Ветер улетел в глубину леса и там свистел, ревел, а с другой стороны стал приближаться ровный, нарастающий шум. И внезапно из тяжелого неба упал серый холодный ливень, сплошной, с хлестом, хлюпом, прошибая насквозь листву, проливая из березы множество холодных ручьев. Белый ствол стеклянно блестел. По нему текла вода. Поляны не было видно за мутной завесой. Громыхало, сыпало с неба короткими трескучими молниями, слепило, оглушало.

Вера спрятала лицо на груди у Садовникова, и они стояли под сплошным водопадом, в прилипших одеждах, словно в березе образовалась зеленая пробоина, из которой мощно хлестала вода.

Дождь стал иссякать, струи редели, поляна открылась с упавшей травой и мятыми цветами. Вдруг брызнуло солнце, зажглись на березах хрустальные люстры. По всей поляне бежали разноцветные полосы света. С ветвей текло, сверкало, булькало у корней. Вновь была синева, из которой отлетал, удалялся белый край тучи. Где-то далеко еще громыхало, но здесь все отдыхало от бури. Дышало, сверкало. Над лесом туманным огнем загорелась радуга.

- Боже мой, - сказала Вера, отклеивая от груди ставшее прозрачным платье. - Это ты все устроил?

- Ветер меня услышал.

Они двинулись дальше через мокрый лес и внезапно вышли на бетонную дорогу. Плиты бетона высыхали под солнцем, от них поднимался пар. По дороге давно никто не ездил. Она была усыпана сосновыми шишками, из щелей в бетоне росла трава и мелкие березки.

- Куда ведет дорога? - спросила Вера.

- В созвездие Льва, к звезде 114 Лео, - ответил Садовников.
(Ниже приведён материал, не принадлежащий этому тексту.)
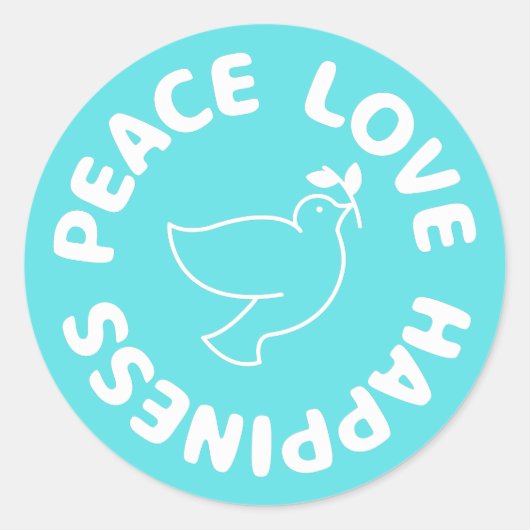 VREDE LIEFDE GELUK CLASSIC RONDE STICKER (Voorkant)
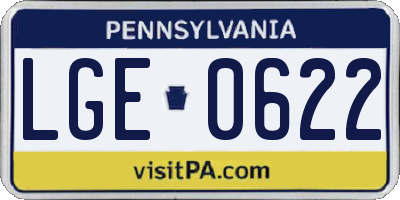 PA license plate LGE0622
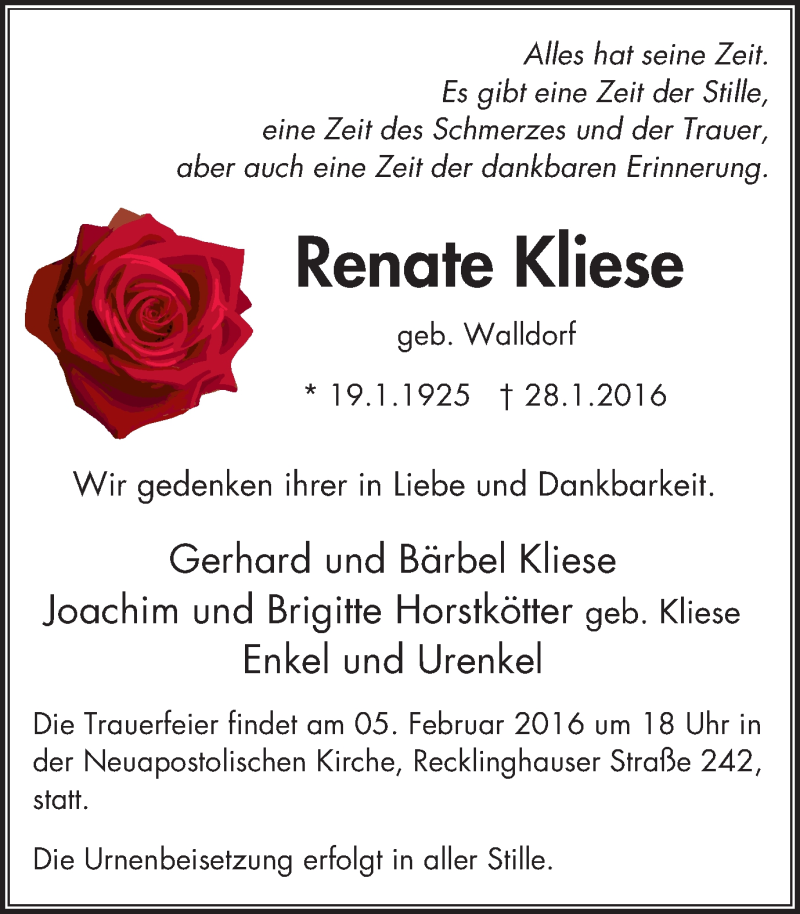  Traueranzeige für Renate Kliese vom 30.01.2016 aus Stadtanz.Castrop-Rauxel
Они шли по бетонке, и дорогу им перебегали полосатые бурундуки, перескакивали проворные белки. Сойки вылетали из леса, скакали по бетону, а потом с пронзительным криком, сверкнув бирюзой, улетали в чащу.

Лес расступился, и с одной стороны открылась гарь, поросшая красным кипреем, а с другой стороны блеснуло озеро, круглое, окруженное мелколесьем. У берега, поднимаясь из воды на стройных ножках, росли белые и розовые цветы.

- Какая красота! - восхитилась Вера, любуясь цветами. - Как они называются?

- Это лотос, - ответил Садовников.

- Лотос? На севере? На Урале?

- Озеро не замерзает зимой. На нем зимуют лебеди. Быть может, на дне бьет горячий ключ.

- Как оно называется?

- Людмила.

- Какое странное название.

- Так звали мою жену. В этом месте, в небе, сгорел звездолет, который испытывала моя жена. Образовалась воронка, наполнилась водой. Лебеди из теплых стран принесли семена лотоса, а на дне забил теплый ключ.

Вера смотрела на темную, в слепящих отблесках воду, на нежные, трепещущие соцветья, на Садовникова, чье лицо было тихим и сосредоточенным, как у богомольца перед чудотворной иконой.

- Ты посиди, - сказал он. - А я искупаюсь.

Он разделся, прошел босиком по мягкому берегу, ступил в прохладную воду, погружая ноги в бархатный ил, из которого поднялись серебряные пузыри. Окунулся, ощутив чудесный холод, целомудренную свежесть студеной воды. Проплыл мимо розового цветка, уловив слабое благоуханье, коснулся цветка губами. Выплыл на середину озера и вдруг сладко замер, окруженный безымянной женственностью, таинственной нежностью и безмолвным обожанием. Жена Людмила была здесь, рядом, ждала его, незримо присутствовала в тихой лазури, в озерной воде, в прекрасных соцветиях. Они снова были неразлучны, нерасторжимы, и смерть, которая их разлучила, была преодолена чудом бессмертия. После горькой разлуки, бессильного одиночества, каменной немоты, когда невозможно было услышать ее родной голос, тронуть ее любимую руку, пережить внезапное, нахлынувшее на обоих воспоминание, - после тоски и не проходящей боли они снова были вместе. Могли перебирать, как молитвенные четки, каждый миг восхитительной, им дарованной жизни.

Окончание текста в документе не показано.